Chong Liu is an investigator with SIMES (the Stanford Institute for Materials and Energy Sciences at SLAC) and a postdoctoral researcher in the laboratory of Yi Cui. As lead author, she explained that they simply dropped the device into the water and placed everything in sunlight. The Sun did all the work through the device that looks like a small rectangle of black glass.
When viewed with an electron microscope the surface of the device has many closely spaced lines, almost giving it the appearance of a fingerprint. The lines are called nanoflakes and are actually very thin films of molybdenum disulfide. These are stacked on edge on top of a rectangle of glass.
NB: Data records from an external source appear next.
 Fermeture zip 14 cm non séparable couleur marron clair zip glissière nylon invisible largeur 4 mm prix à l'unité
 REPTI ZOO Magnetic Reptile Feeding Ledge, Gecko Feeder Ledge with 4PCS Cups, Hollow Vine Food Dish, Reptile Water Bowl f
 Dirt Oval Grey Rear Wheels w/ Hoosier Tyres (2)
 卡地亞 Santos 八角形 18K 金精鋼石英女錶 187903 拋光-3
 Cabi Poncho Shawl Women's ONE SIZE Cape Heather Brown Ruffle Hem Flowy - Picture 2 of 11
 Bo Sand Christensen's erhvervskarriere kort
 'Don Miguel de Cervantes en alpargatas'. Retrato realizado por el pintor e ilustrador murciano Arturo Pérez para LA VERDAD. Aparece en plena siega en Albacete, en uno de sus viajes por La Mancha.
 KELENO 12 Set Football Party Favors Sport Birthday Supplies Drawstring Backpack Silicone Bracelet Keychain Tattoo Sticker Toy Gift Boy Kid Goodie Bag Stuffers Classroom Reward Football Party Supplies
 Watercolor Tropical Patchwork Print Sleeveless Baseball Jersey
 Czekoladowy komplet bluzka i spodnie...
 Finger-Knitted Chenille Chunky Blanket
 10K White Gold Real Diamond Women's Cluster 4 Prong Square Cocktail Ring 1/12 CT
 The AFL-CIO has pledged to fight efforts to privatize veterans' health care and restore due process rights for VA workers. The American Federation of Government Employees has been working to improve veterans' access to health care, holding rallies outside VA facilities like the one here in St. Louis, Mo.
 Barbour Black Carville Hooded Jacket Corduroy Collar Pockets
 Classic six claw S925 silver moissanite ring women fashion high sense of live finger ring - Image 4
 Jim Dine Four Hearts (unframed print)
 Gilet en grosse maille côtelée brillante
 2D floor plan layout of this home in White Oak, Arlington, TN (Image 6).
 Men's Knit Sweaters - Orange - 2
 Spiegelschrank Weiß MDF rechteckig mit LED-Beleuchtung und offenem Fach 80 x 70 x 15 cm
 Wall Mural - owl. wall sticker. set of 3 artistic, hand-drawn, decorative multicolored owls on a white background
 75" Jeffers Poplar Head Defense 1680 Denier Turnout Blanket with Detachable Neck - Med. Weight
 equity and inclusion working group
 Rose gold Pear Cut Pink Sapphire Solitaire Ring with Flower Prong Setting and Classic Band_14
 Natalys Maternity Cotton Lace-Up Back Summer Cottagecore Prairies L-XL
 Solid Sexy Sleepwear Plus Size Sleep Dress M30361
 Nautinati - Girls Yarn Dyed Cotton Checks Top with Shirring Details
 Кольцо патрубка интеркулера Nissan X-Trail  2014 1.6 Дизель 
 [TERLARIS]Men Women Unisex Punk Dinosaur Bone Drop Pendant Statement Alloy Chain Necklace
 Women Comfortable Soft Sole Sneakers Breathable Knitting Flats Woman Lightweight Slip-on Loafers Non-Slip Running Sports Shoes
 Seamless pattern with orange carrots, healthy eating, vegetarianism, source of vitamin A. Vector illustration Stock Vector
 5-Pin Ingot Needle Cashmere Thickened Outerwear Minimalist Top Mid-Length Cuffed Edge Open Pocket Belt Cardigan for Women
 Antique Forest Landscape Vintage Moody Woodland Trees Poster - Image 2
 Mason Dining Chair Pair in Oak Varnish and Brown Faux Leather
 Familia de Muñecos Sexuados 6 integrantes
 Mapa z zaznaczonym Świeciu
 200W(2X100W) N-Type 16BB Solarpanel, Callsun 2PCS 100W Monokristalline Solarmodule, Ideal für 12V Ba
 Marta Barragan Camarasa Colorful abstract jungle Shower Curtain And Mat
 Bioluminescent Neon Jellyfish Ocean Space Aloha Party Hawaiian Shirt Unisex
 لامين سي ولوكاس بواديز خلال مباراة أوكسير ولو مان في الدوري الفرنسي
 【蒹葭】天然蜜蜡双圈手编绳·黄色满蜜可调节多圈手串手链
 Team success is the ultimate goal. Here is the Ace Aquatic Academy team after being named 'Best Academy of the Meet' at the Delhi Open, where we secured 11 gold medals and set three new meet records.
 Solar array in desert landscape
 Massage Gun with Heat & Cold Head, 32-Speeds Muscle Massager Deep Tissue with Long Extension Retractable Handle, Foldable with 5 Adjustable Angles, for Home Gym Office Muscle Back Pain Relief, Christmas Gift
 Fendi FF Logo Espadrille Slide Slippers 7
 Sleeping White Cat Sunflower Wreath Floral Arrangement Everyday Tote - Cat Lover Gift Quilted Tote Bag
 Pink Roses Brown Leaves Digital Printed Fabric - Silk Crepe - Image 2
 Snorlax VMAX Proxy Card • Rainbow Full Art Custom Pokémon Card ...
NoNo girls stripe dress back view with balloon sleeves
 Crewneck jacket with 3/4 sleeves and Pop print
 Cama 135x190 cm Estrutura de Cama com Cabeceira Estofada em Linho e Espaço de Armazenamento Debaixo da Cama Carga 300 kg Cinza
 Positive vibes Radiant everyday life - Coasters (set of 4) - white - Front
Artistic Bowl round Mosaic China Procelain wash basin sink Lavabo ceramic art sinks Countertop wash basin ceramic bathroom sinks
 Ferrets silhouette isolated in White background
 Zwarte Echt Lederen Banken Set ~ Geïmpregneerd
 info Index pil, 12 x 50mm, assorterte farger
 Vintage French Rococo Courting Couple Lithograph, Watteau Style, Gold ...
Molybdenum disulfide is normally used as an industrial lubricant. When it is however manufactured in layers just a few atoms thick, it takes on entirely different properties and becomes a photocatalyst. Many of its electrons leave their usual places when the film is hit by sunlight. The “holes” left by the electrons and the electrons themselves are then ready to participate in chemical reactions.
To be able to absorb the full range of visible sunlight, the thickness of the molybdenum disulfide walls has to be exactly right. Each minute wall is then topped with a thin layer of copper. The copper acts as a catalyst and, together with the walls, produce “reactive oxygen species” like hydrogen peroxide when hit by sunlight.
Molybdenum disulfide is easy to make and, more importantly, cheap. This is critical when making devices for extensive use in developing countries. It is also able to absorb a much wider range of solar wavelengths than old-style photocatalysts do.
Extensive further testing still needs to be done before commercial production of the device can begin. It has only been tested on three strains of bacteria mixed with water in the lab. The researchers believe that it will also kill other types of microbes, such as viruses, as well as other bacterial strains. It will however not be able to remove chemical pollutants from water and its effectiveness in the complex stews of contaminants found in third world countries remains to be proven.